Anahtar Kelimeler: Fen Öğretimi, Görsel Sanat, Kimya
Abstract
The aim of this study was to examine the effects of teaching science based on visual art activities on students’ science achievement and attitudes towards teaching science through visual art activities. Visual art activities were adapted to the topics of Particulate Nature of Matter in Science and Technology Course. This research is in pre-test/post-test quasi-experimental design. The participants were 49 sixth grade students from a public school in Izmir, Turkey, 2007. The data were gathered by “Attitude Scale towards Teaching Science through Visual Art Activities” and “Science Achievement Test”. Findings of this study showed that teaching science based on visual art activities was significantly affected students’ science achievement and attitudes towards teaching science through visual art activities. In addition, students learnt concepts about Particulate Nature of Matter, understood the artistic values, started to interest in Science and Technology Course and chose learning science through visual art activities.
INTRODUCTION
Science education is to trend the interesting applications because of rapidly changing technological developments in the entire world. One of the key components of such orientation is art education. Art and science have some obvious links affecting each other. For instance, they both need experiments and discoveries towards external reality in order to solve mental conflicts about the world. Also they both have similar activities providing students with opportunities to use scientific concepts and theories. Teaching science through visual art activities can be an important key for students’ educational objects due to common ways of art and science (Wenham, 1998, Campbell, 2004, Bahri, 2005). Learning through visual art activities develops students’ individual interests, abilities and learning styles. Furthermore, it helps them to increase intuitive, creative, imaginative abilities and problem solving and inquiry skills (Gardner, 1971, Young, 1981, Alfert, 1986, Eisenkraft, Heltzel, Johnson and Radcliffe, 2006).

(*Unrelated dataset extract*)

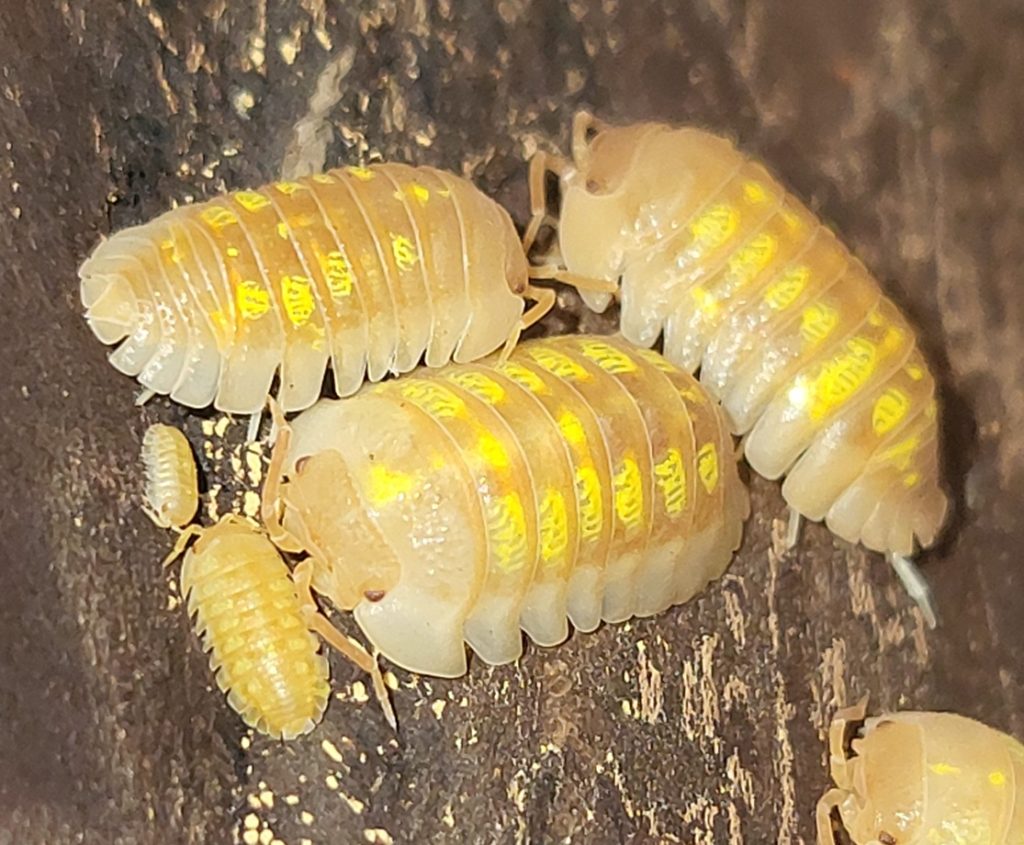 Armadillidium granulatum 'orange'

Learning science through visual art activities provide teachers and students express feelings and perceptions; show relationships and changes; stress explanations and predictions (Harrod, 1998; Nelson, 1999). Using scientific principles in visual art activities is a fascinating way and makes the quality of artworks to contribute. There are many visual art activities that are suitable for scientific investigation (Varga, 2003). For instance, these can be visual art activities such as marbling paper art, etching, photography, sculpture, fresco etc. They can be the mediation tools for societies to develop their cultures, and can contribute to social interaction and higher mental functions- necessary for science learning (Monzon and Vinuela, 2006). Artistic production through scientific principles is the cognitive functions of cultural tools and helps students to self-learning skills during the process of creation.

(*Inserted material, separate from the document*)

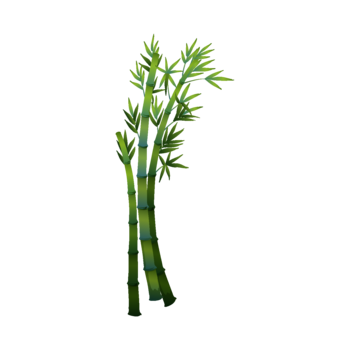 nature-bambou_render.png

Integration of science and arts can offer various teaching opportunities for students. Teaching science through visual art activities help students learn creative experiences. Art and science have similar activities providing students with opportunities to use scientific concepts and theories (Joubert, 2002; Feldman, 2003). In teaching science through visual art activities, students improve scientific thinking skills and inquiry methods. In addition, they enjoy associating scientific principles with daily life (Shaw, 1999; Robson, Hickey and Flanagan, 2005). Art works can undertake a crucial role in order to restore social negative attitudes towards science resulting from industrial disasters and damages (Lerman, 2005). Teaching science through visual art activities can be strong tools of social control and social change. Furthermore, the perceptions of society towards science can be raised with visual art activities in science and technology course in a positive way. Besides, an increase in the students’ attitudes towards teaching science through visual art activities can be expected. A student having a positive attitude can improve his/her creativity more easily.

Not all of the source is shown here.